UK - Insurers are being forced to limit the size of bulk annuity buyouts because the corporate bond market is saturated by the volume of scheme wind-ups.
Legal & General – the biggest provider of annuities to pension funds – has been forced to impose a £500m limit on the size of scheme it will take on in wind-up.
This limit would prevent the UK’s 250 biggest schemes from carrying out a bulk purchase annuity buyout.
L&G corporate annuities director Dennis Canham said that any scheme valued at more than £500m could not be wound-up with corporate bonds alone and that alternative measures, such as phased buyouts, would have to be used.

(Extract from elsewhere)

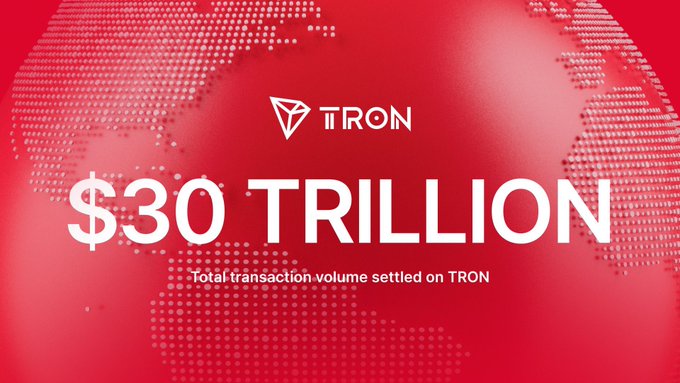 A promotional graphic with a red pixelated globe background displays the TRON logo and the text '$30 TRILLION Total transaction volume settled on TRON'.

He said that capacity in the corporate bonds market was being eroded by the number of schemes requiring deferred annuities.
Prudential business development manager for bulk annuities Ian Aley agreed that the bonds market was reaching saturation point.

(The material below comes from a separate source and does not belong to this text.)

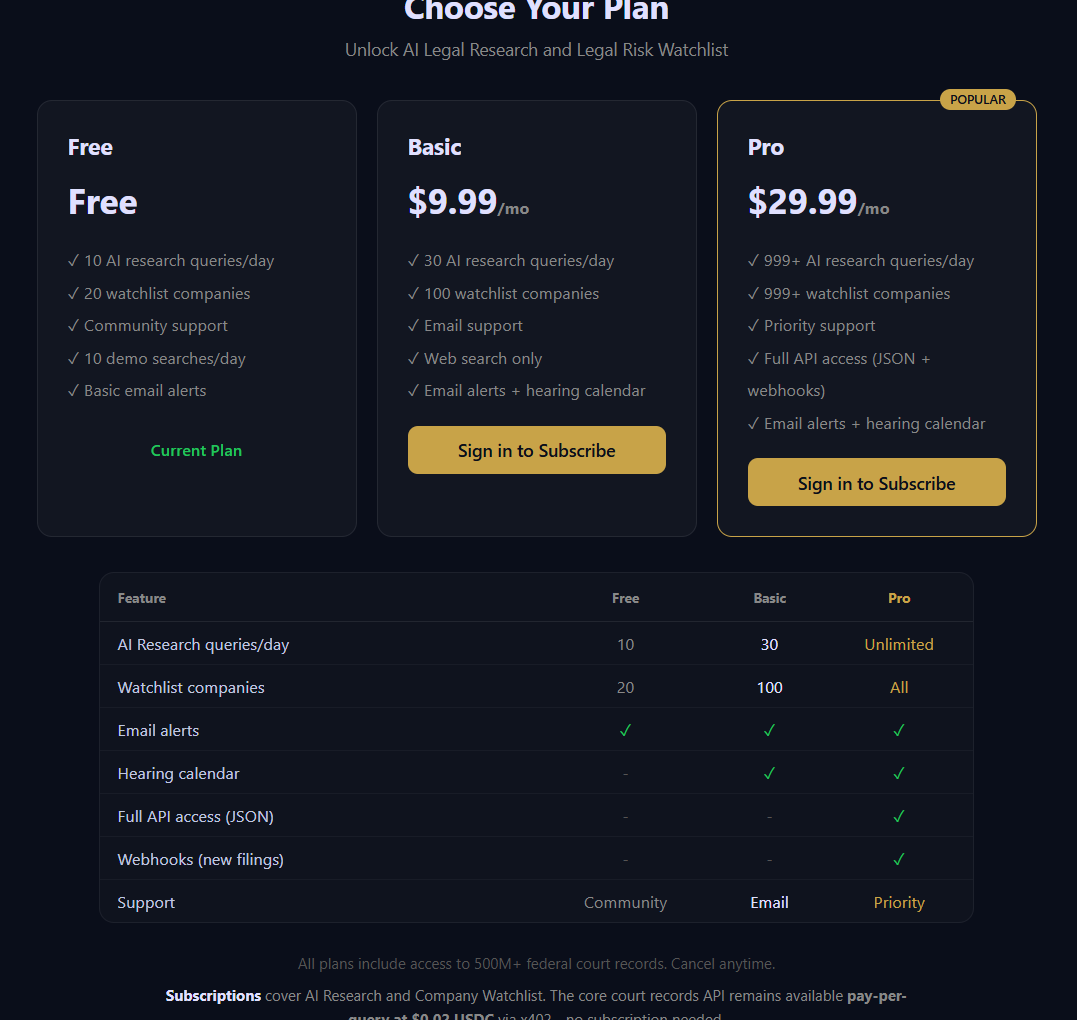 Big update day for Clerk.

“There’s a finite market in fixed interest bonds and a massive potential for schemes wishing to wind-up or manage their risk on an ongoing arrangement.
“The reality is there were a high number of these schemes to buy out the annuities at the same time, the investment market wouldn’t be able to support it.”
HighamNobbs Consulting partner Russell Agius said he was aware of more and more pension schemes finding it difficult to buy out their liabilities and urged the government to tackle the issue.
“This highlights the need for the department for work and pensions to allow trustees to seek alternatives such as paying transfer values to money purchase arrangements without member consent.”
This approach, he added, would free up capacity in the corporate bond market, as well as dramatically increasing the speed of wind-up.